\d+
captures one or more digits (+
is a quantifier meaning "one or more occurrences"), so if the string is abc10xyz
, he will capture the 10
. If the idea is to capture only a single digit, remove the +
.
Anyway, from what I understand you want a digit as long as you have no other digit before or after. So you can use Lookahead and lookbehind negative:
(?<!\d)\d(?!\d)
So it only takes single digits, which have no other digit before or after (i.e., the digit can also be at the beginning or end of the string). And if it has two or more digits in a row (as in the case of "Dup10"), it does not take any (if you use \d+
, the "10" of "Dup10" will be captured).
When using the Lookahead (?=\w)
, regex is demanding that there be some character in front (letters, numbers or _
), so it doesn’t work if the number is at the end of the string, or if the character that appears after is not equivalent to \w
. But how I’m using Lookahead and lookbehind negative (i.e., checks whether something nay exists in front or behind), this also serves for digits at the beginning or at the end (because if the digit is at the beginning, then it does not have a digit before, and if it is at the end, it does not have a digit after).

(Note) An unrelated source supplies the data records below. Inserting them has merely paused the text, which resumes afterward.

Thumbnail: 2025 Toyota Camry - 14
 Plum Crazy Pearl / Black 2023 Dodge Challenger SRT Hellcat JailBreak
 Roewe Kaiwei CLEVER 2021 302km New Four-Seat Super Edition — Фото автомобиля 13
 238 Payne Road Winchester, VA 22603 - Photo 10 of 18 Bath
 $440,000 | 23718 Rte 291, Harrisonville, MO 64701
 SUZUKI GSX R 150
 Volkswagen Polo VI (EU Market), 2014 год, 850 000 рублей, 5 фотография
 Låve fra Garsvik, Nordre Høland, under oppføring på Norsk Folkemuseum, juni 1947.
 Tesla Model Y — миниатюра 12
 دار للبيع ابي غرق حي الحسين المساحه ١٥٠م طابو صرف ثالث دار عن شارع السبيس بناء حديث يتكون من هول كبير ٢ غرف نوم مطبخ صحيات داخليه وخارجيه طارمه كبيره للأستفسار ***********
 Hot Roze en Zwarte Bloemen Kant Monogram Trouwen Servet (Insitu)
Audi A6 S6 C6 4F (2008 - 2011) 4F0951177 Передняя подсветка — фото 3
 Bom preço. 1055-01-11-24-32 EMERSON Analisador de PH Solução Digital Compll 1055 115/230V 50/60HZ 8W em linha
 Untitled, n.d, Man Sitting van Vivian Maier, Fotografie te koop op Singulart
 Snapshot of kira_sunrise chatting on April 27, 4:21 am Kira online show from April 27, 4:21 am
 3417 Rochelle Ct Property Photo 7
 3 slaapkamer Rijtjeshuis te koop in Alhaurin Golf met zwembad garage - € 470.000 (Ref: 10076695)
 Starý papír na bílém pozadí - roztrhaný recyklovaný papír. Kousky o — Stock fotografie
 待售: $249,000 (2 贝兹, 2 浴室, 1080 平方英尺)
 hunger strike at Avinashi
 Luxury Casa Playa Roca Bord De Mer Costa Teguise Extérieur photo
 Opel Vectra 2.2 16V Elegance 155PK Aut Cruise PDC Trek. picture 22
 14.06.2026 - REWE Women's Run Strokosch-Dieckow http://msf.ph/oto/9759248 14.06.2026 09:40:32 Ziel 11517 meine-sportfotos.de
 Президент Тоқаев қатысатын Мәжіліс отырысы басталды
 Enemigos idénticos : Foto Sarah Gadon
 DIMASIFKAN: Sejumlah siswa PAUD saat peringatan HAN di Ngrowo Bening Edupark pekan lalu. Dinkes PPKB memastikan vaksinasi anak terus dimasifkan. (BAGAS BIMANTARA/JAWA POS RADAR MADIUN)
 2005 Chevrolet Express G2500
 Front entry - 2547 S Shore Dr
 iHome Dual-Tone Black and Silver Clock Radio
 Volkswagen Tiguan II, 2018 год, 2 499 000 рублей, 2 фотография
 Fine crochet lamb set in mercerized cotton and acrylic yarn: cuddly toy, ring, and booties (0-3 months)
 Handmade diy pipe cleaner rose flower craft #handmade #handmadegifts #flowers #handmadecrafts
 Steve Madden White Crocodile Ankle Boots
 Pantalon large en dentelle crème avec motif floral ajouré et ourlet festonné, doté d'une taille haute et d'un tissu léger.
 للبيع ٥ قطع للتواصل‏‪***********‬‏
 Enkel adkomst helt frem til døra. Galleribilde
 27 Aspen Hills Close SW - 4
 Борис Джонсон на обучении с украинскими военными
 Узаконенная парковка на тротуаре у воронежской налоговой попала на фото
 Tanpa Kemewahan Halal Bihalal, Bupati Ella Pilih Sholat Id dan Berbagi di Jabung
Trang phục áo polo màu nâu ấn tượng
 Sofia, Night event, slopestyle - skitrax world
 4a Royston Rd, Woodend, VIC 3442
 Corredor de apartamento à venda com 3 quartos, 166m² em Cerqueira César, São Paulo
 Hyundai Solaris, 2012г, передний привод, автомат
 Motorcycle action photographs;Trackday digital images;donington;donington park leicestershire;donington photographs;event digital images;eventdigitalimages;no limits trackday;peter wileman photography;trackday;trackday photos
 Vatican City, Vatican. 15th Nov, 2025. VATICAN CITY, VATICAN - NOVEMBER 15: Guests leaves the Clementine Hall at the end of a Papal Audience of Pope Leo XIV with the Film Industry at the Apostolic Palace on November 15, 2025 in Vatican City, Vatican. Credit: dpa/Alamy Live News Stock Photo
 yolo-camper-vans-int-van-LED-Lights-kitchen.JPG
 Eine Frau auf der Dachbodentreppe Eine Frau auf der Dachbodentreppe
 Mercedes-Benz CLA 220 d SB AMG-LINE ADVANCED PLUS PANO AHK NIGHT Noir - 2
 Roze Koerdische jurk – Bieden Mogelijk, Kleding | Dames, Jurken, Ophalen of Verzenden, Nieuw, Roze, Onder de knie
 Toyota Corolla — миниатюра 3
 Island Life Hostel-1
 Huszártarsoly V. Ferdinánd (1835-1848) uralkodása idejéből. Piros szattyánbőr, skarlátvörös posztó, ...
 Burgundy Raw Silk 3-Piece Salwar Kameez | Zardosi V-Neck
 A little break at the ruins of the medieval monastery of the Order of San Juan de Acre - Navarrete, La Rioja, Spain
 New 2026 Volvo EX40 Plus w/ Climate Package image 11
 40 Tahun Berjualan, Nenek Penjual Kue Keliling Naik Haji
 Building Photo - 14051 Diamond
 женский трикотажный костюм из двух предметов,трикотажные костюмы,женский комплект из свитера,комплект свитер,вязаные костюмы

See here the regex working.
If you just want the digits that don’t have another digit after, then just remove the lookbehind:
\d(?!\d)
But in this case, in "Dup10", the regex will match in the 0
.
If the engine cannot bear lookbehind (since this usually has less support than Lookahead), an alternative is to check if the digit is at the beginning of the string (with the bookmark ^
) or if before it has a character that is not digit (\D
):
(?:^|\D)(\d)(?!\d)
I use alternation (the character |
, meaning "or") to check the start of the string (^
) or a character that is not a digit (\D
). Only now the character that comes before the digit is also part of the match. But as the digit is in parentheses, it is in a capture group, so check if the tool/engine has a way of catching only the group.
As there are only one set of parentheses ((\d)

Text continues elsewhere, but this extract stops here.